Bae, Hyun-Jin (Department of Pathology, Microdissection Genomics Research Center, College of Medicine, The Catholic University of Korea)
Noh, Ji-Heon (Department of Pathology, Microdissection Genomics Research Center, College of Medicine, The Catholic University of Korea)
Eun, Jung-Woo (Department of Pathology, Microdissection Genomics Research Center, College of Medicine, The Catholic University of Korea)

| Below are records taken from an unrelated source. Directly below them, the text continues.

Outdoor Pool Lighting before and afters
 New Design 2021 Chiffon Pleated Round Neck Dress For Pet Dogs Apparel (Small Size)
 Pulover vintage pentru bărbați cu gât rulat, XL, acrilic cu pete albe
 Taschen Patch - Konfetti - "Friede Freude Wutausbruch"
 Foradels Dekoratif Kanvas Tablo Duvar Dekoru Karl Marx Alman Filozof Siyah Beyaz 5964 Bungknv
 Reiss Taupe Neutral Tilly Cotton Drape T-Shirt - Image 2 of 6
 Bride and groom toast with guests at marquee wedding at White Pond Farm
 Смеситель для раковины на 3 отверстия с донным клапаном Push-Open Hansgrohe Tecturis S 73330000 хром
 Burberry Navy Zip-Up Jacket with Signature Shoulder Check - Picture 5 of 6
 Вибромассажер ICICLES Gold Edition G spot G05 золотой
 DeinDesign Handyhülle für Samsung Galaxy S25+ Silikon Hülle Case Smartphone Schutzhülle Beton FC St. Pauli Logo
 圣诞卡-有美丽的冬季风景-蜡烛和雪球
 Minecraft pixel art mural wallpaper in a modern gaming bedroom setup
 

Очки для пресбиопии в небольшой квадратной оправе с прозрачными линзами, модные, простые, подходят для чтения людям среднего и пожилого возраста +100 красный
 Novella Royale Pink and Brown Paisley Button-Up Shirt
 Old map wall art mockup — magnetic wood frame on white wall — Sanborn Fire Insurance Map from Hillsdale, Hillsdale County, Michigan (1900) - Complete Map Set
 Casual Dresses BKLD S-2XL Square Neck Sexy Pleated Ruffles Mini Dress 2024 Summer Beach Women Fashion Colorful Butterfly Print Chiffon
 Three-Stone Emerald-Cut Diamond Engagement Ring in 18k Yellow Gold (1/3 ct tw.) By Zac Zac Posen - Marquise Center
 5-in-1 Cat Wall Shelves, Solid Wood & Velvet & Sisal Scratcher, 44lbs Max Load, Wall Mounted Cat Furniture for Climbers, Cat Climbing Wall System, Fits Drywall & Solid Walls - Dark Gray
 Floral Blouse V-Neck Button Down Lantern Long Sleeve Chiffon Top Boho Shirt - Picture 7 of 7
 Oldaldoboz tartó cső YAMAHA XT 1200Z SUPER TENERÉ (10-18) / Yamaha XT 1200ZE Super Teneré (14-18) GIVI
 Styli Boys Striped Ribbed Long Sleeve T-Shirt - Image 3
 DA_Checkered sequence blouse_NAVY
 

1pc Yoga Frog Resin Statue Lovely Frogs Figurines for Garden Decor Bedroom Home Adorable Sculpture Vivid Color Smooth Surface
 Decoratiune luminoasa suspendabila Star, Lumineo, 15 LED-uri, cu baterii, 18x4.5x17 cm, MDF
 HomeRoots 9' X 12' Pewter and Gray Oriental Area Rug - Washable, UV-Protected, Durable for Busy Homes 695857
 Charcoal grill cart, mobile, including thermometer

Kim, Jeong-Kyu (Department of Pathology, Microdissection Genomics Research Center, College of Medicine, The Catholic University of Korea)
Jung, Kwang-Hwa (Department of Pathology, Microdissection Genomics Research Center, College of Medicine, The Catholic University of Korea)
Xie, Hong Jian (Department of Pathology, Microdissection Genomics Research Center, College of Medicine, The Catholic University of Korea)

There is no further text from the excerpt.